5 Major Social Media Updates You Should Know Right Now
Aside from engaging users and coming up with great content for the community, a big part of every social media marketer’s job description is keeping tabs on what the social networks themselves are up to.
Yes, it’s important to gain more fans and followers and research new tools, but it’s equally as important to follow each social platform’s blogs and updates to ensure that you don’t miss any new features or policies. Make it a point to read the official blogs of Facebook, Google+, Twitter, YouTube, and other social networks that you might be a part of. Add them into your RSS feeds or Like / follow their official accounts on the social media space so you never miss an update.
With that said, every major social network announced big changes over the last few days, so if you haven’t been keeping an eye your social media updates lately, read on below to see what you’ve missed:
Facebook is Replacing “Subscribe” with “Follow” – A while back, Facebook added the subscribe button to users’ profiles, a feature that enabled people to get updates from other individuals without having actually add them as a friend. Primarily used by political figures, journalists, bloggers, and entrepreneurs, the function allows people to see public updates from the individuals that they’re subscribed to on their News Feed. The subscribe button proved to be very useful, as it paved the way for “one way sharing” on Facebook, wherein a person doesn’t need to be a friend of another individual for them to see the subscribee’s updates on their news feed.
Last week, the social network made a slight modification to the button by replacing the word “subscribe” with “follow.” According to Facebook, the actual functionality will remain the same, and the change is simply implemented for wording and clarification purposes.
The Verge published the following statement from Facebook:
Starting today we are updating the term "Subscribe" to become "Follow" across the site as we found it is a term that resonates better with people on the service. Nothing is changing about how the feature works.
Yes, compared to the term “subscribe”, the word “follow” does have a more social ring to it, and the change (which would be rolling out to profiles soon) could encourage more users to take advantage of the feature. In any case, if you yourself are a subscriber or subscribee, take note of the lingo change nonetheless and ensure that your subscribers followers are aware of it as well.
Google Unveils Google+ Communities – Heads up, Google+ users, if you’re looking to connect with like-minded individuals, or are trying to bring people of the same interests together, now’s your chance. The search giant recently unveiled Google+ communities, which is a way for its users to create and join groups based on common interests or even locations.

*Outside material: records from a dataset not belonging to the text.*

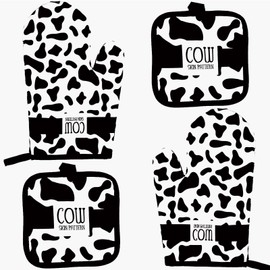 PXIYOU Milk Cow Linen Oven Mitts and Pot Holders Sets 4 Pieces, Layer & Stain-Resistant Stitching - Safe Handling of Hot Kitchenware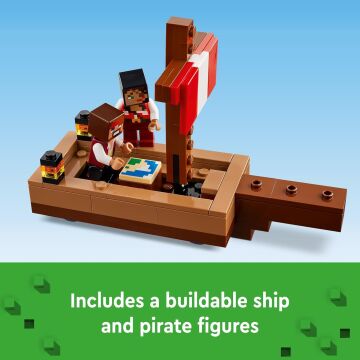 LEGO Minecraft Korsan Gemisi Yolculuğu 21259 – 8 Yaş ve Üzeri Macera Oyunları Seven Çocuklar İçin Korsan, Mürekkep Balığı ve Deve içeren Yaratıcı Oyuncak Yapım Seti (166 Parça)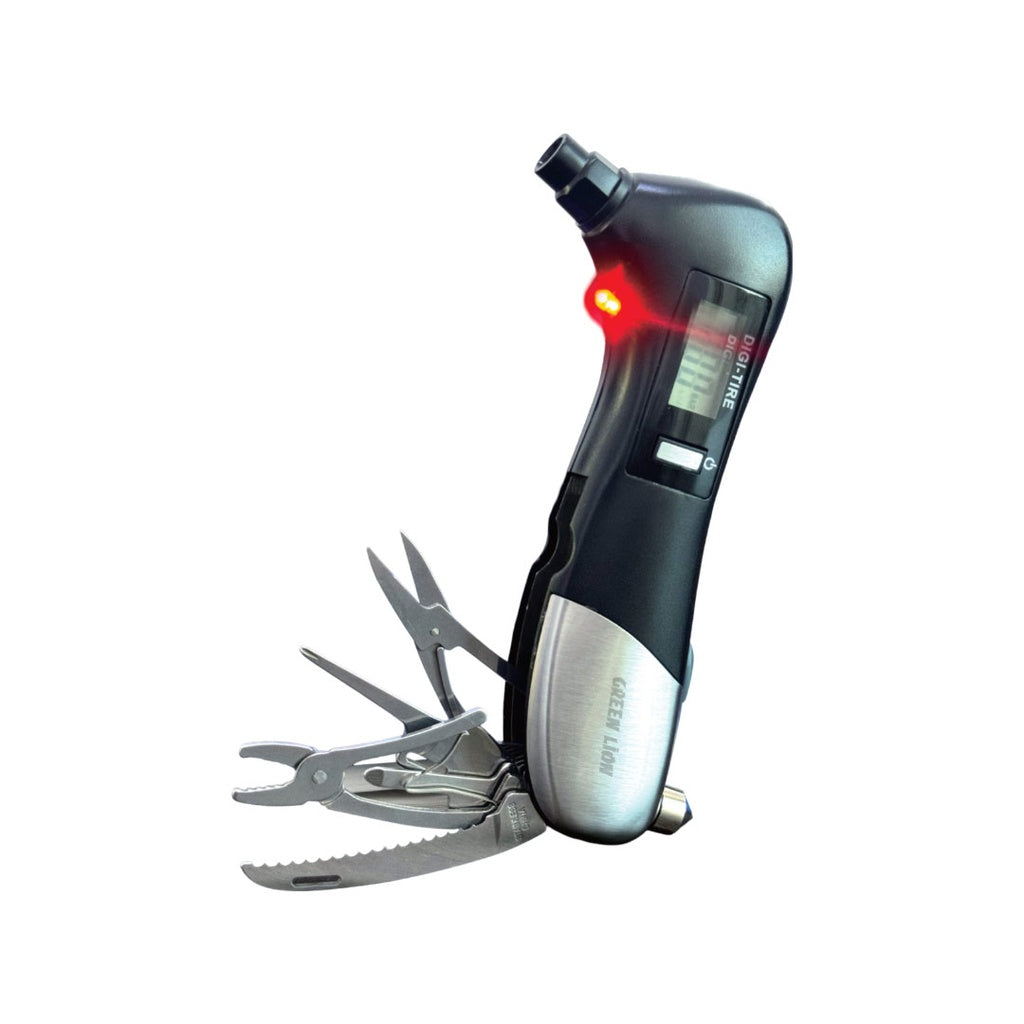 Green Lion Digital Tire Pressure Gauge 9 In 1 Rescue Tool | 2 Years Warranty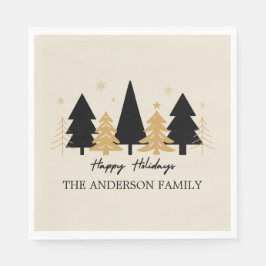 Servilleta De Papel Elegant Black & Gold Christmas Tree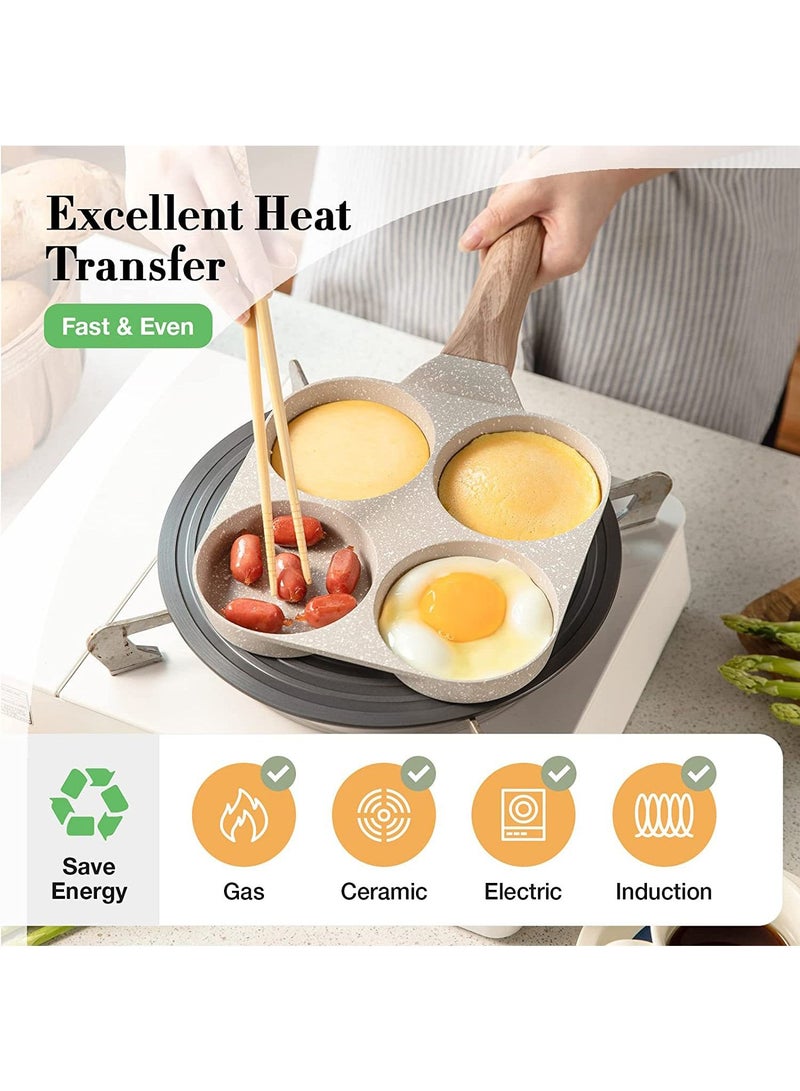 Egg Pan Omelette Pan, 4-Cup Nonstick Granite Omelette Skillet - Pancake Pan and Healthy Egg Cooker Suitable for Gas Stove & Induction Cookware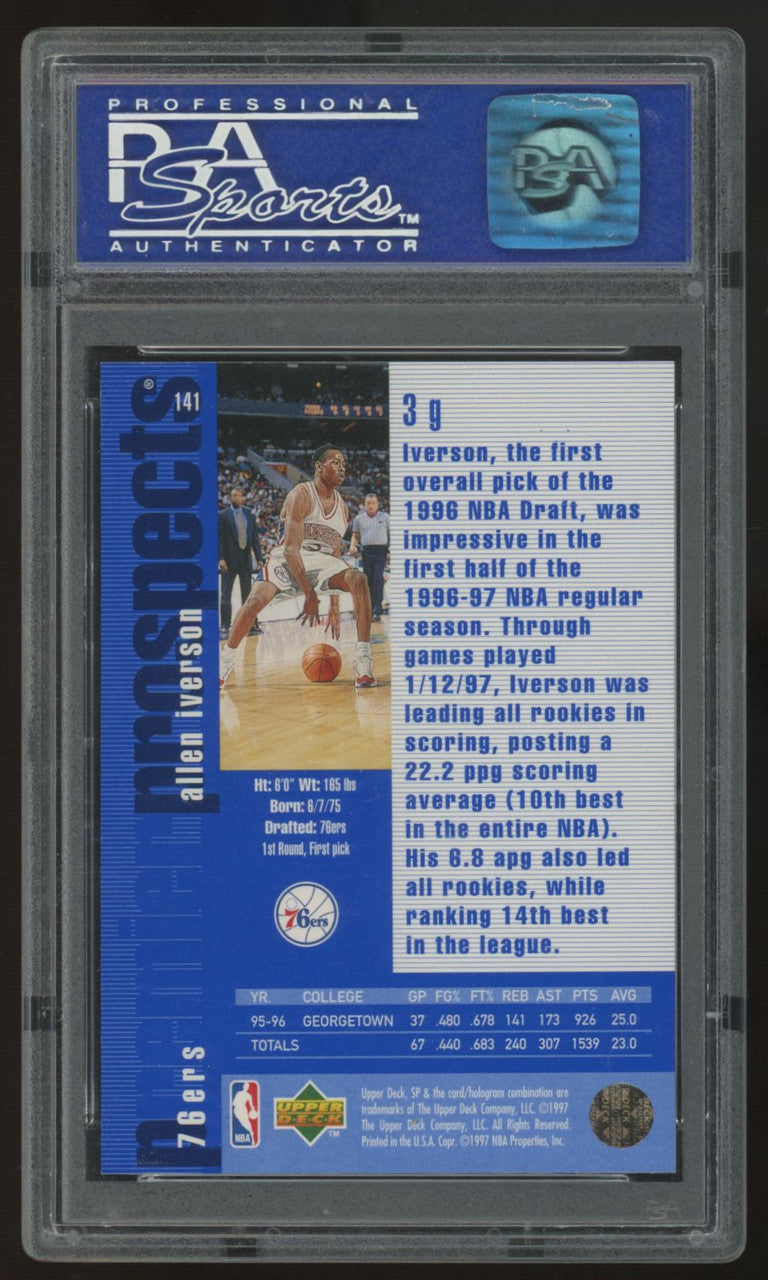 1996-97 Upper Deck SP Allen Iverson RC Premier Prospect #141 PSA 10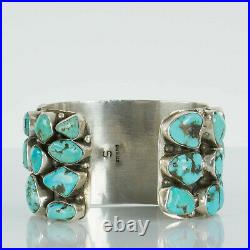 Large Navajo Sterling Silver Chunky Turquoise Cuff Bracelet Signed S 142g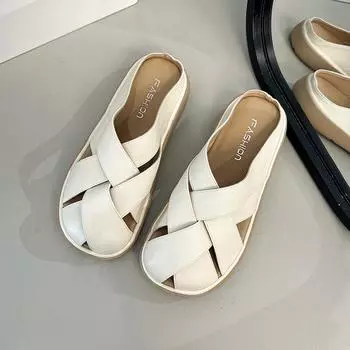 Flat-bottomed bag head and half slippers for women in the summer of 2025, new outer wear, one pedal, casual and versatile, pregnant women s lazy shoes 35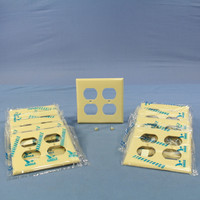 10 Cooper 2G Ivory UNBREAKABLE Duplex Receptacle Nylon Wallplate Covers 5150V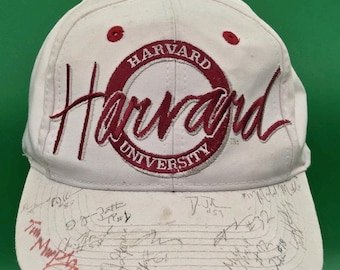 Casquette VTG Harvard University, dédicacée signée Snapback blanche RARE The Game
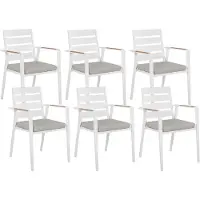 Beliani Gartenstuhl 6er Set Weiß Aluminium mit Sitzkissen Grau Stoff Armlehnen Holzoptik Stapelbar Modern Outdoor Indoor Terrasse Balkon Ausstattung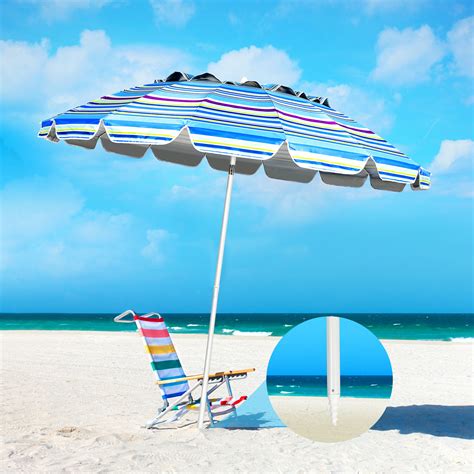 Gymax 7 2ft Beach Umbrella Outdoor Patio Garden W Carrying Bag Sand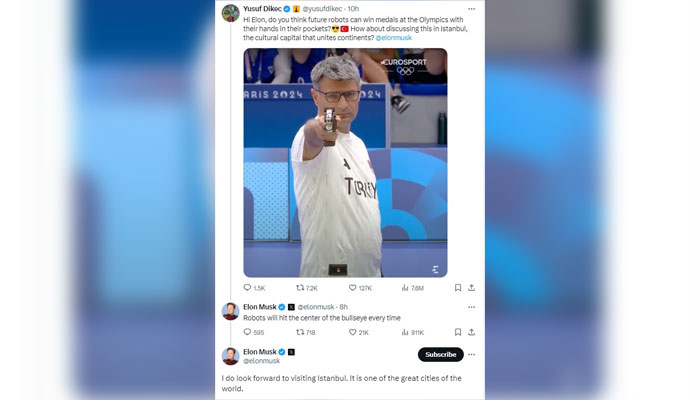 Elon Musk answers Turkish Olympic shooter Yusuf Dikec's intriguing question 8 A screengrab of the Elon Musks response to the Turkish Olympic shooter Yusuf Dikec. — X/@yusufdikec/@elonmusk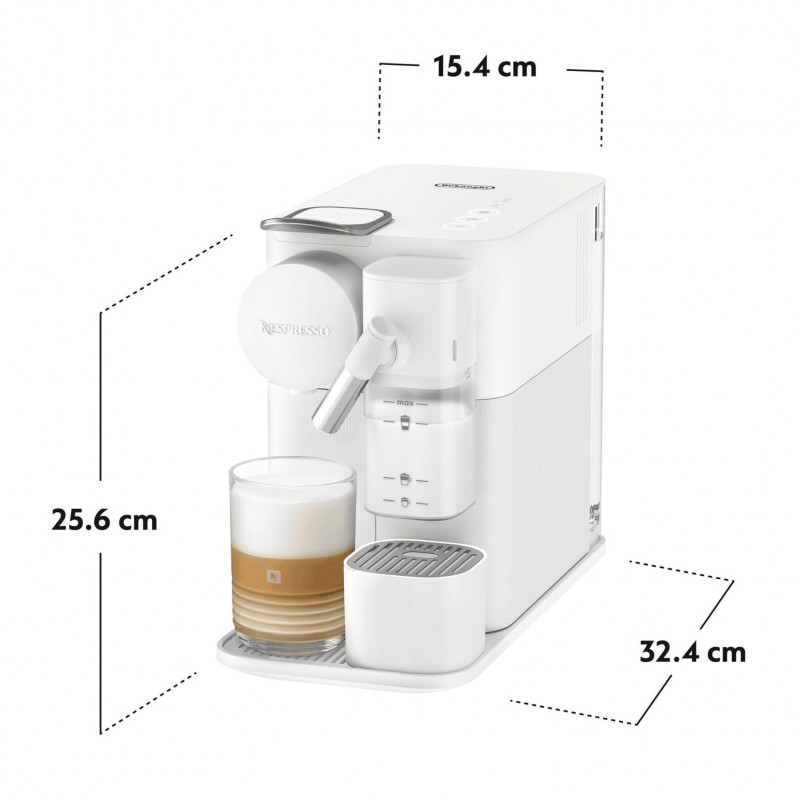Еспресо машина DeLonghi EN510W, 1450W, 19 bar, 1 л, Nespresso, Автоматично изключване, Бял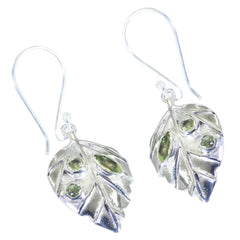 Riyo Real Gemstones multi shape Faceted Green Peridot Silver Earring gift for christmas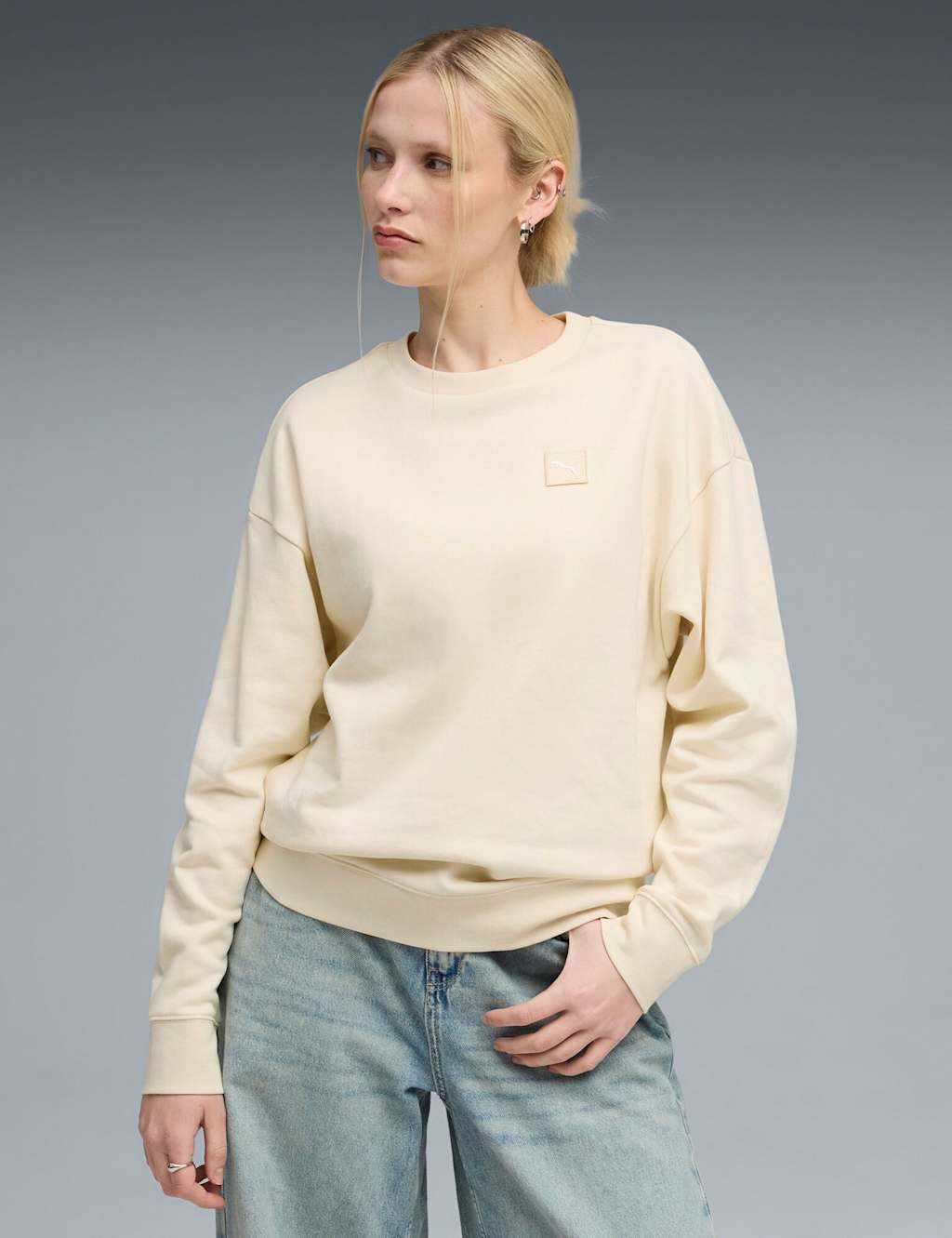 Puma Essentials Elevated Pure Cotton Sweatshirt Ivory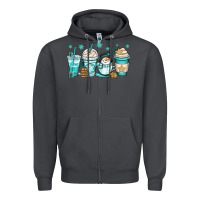 Smoke winter coffee cups Zipper Hoodie - OliviaCreatesArt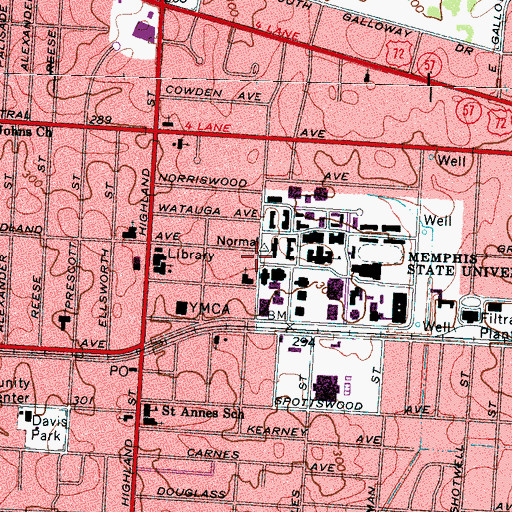 Topographic Map of Baptist Student Union of Memphis State University, TN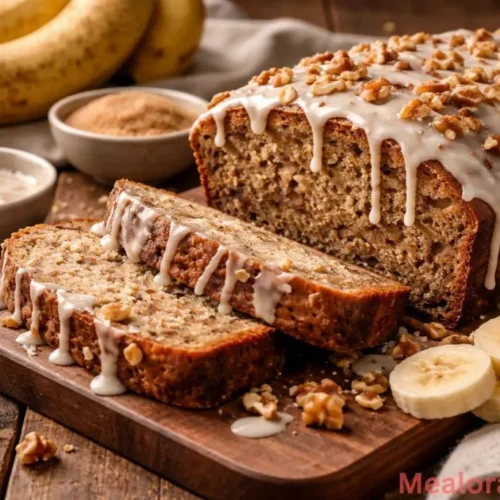 Sliced ultra moist brown butter banana bread with golden glaze on a wire rack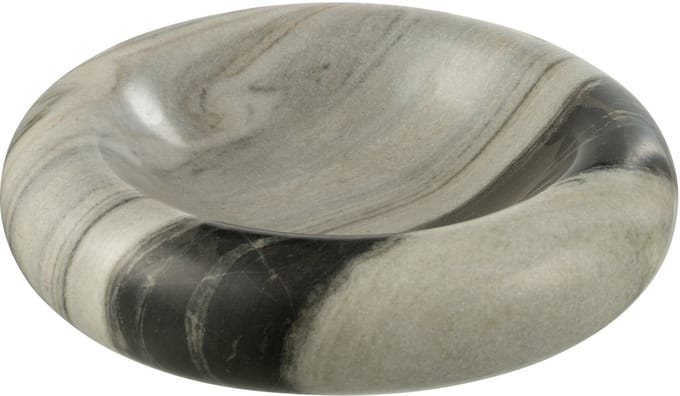J-Line schaal Marmer - steen - zwart/grijs - medium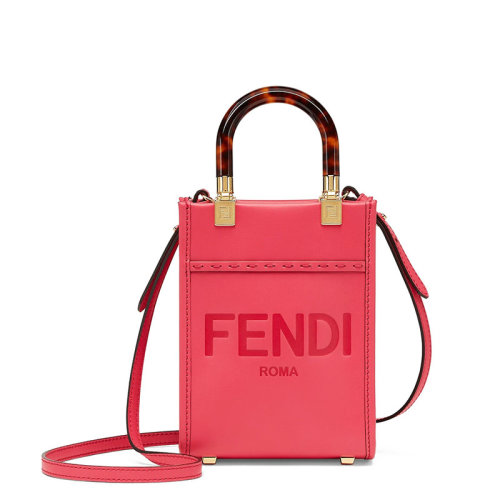 FENDI/芬迪 22春夏新款Sunshine系列 女士迷你紫红色皮革徽标烫印有机玻璃提手配可调节肩带单肩斜挎手提托特包8BS051ABVLF1HB7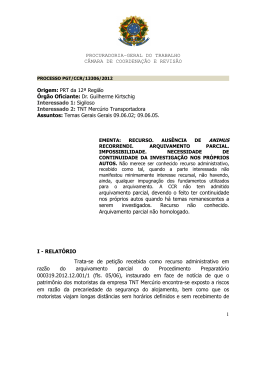 Processo PGT/CCR/nº 13306/2012 - Ministério Público do Trabalho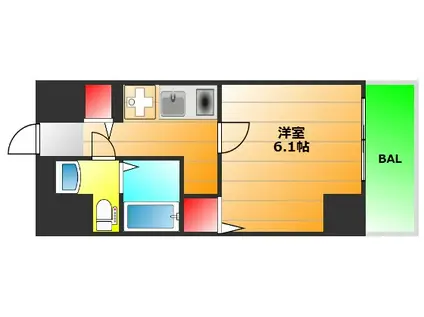 ブランドール新町(1K/4階)の間取り写真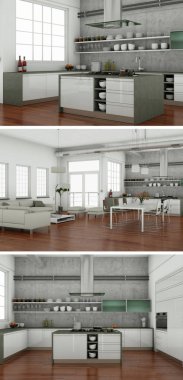 Modern iç çatı tasarım üç kez bakıldı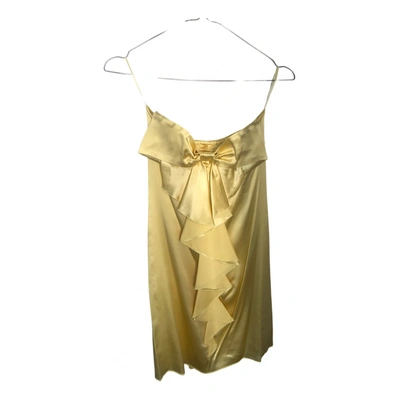 Pre-owned Flavio Castellani Silk Mini Dress In Yellow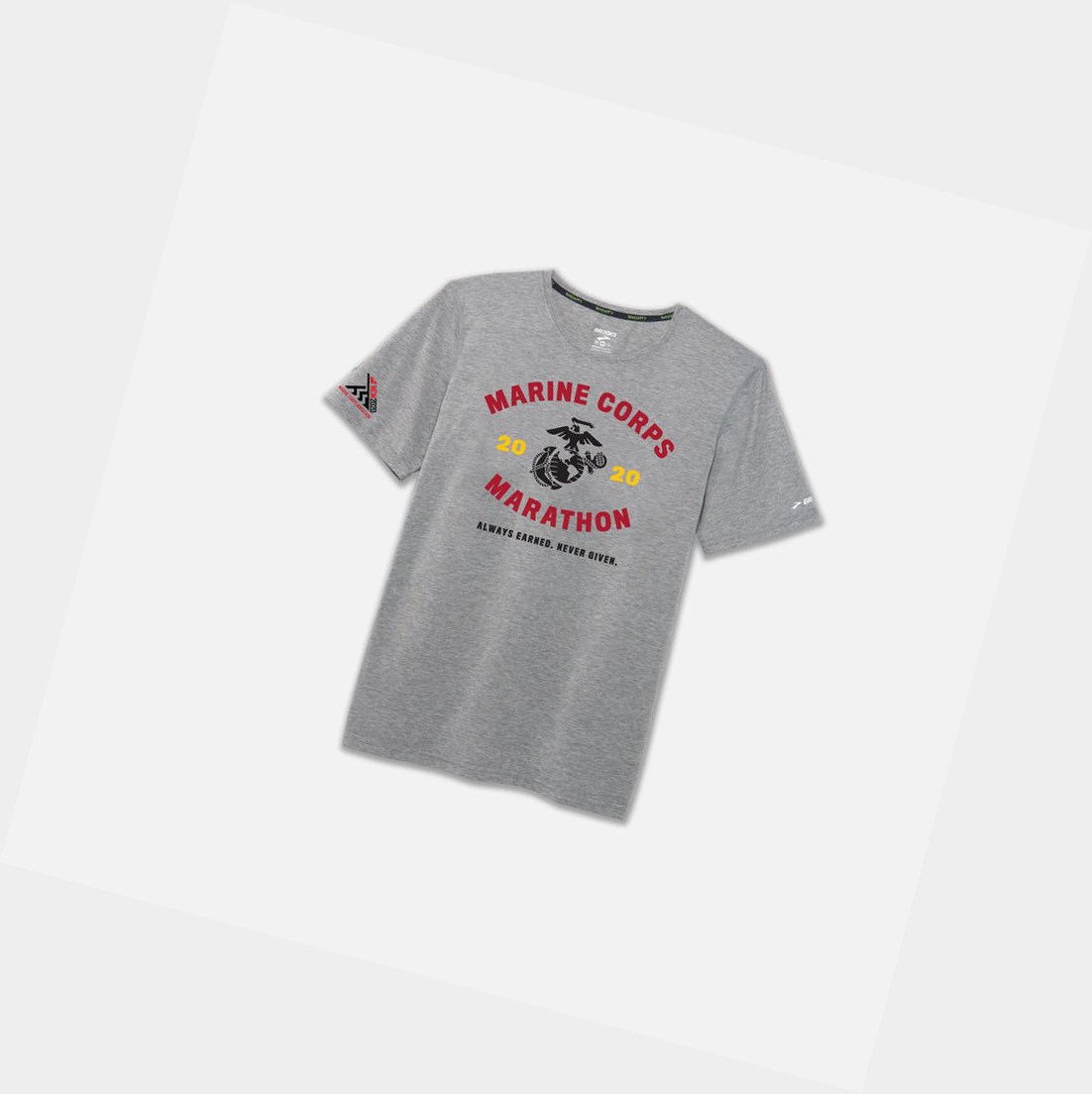 Top Uomo Brooks MCM20 Distance Grafica Tee Heather Ash / EGA | JGHROY-243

The feature, which started rolling out last week, lets Google+ users create and join public or private groups. Users that are part of a particular community are able to create discussions, start hangouts, and share any plus 1 buttons across the web.
Google+ Communities certainly has a lot of potential and can give people an avenue to share and have relevant discussions. It could also be a good way to target your posts on Google+. For instance, if you already have a lot of friends on the social network, but only wish to share posts with a certain group of like-minded people, you can now effectively do so with the help of these communities.
According to the official Google Blog, the current Communities feature is “only a preview, and mobile’s coming soon.”
Pinterest Cracks Down on Spammers – Looks like the Internet’s favorite image-based social site had just about enough of spammers. In an official blog post last week, the site announced that it has started removing spammy, fake, or suspicious Pinterest accounts for good. Apparently, the Pinterest spam team “has been hard at work investigating reports and building systems that detect, remove and prevent spam”, and the crackdown is a response to all the reports and incidents that they examined.
On top of the removal of such accounts, the site will also be implementing “new measures that will help keep bad accounts from being created in the first place.”
Some Pinterest users may notice a few followers dropping off from their list. According to Pinterest, “For more than 99% of accounts, it will be a loss of less than 10 followers. However, spammers tend to focus their attacks, and most of the bad accounts are following a relatively small number of legitimate accounts.”
Do note that while you may start seeing less spam on Pinterest, this will most likely be not the end for spammers. After all, filtering out spam is a continuous process, which is why Pinterest members should be diligent in helping stop spam by using the site’s blocking and reporting functions.
YouTube Gets a Facelift – Another update from the Google family, the web’s largest online video destination started sporting a new look last week. YouTube now has a cleaner interface that’s meant to let people focus on what matters most: the videos.
YouTube updated its layout to position videos at the top of the page. It also moved the title and social actions to the bottom, allowing the actual video to get more real estate above the fold. What’s more, playlists are now on top as well, making it easier for users to check out other videos while watching.
YouTube also introduced a new guide for its users, which will make it easier for people to access their favorite channels. According to the site, this new guide “puts the channels you love at the top of the list and always shows you how many new videos are waiting for you.”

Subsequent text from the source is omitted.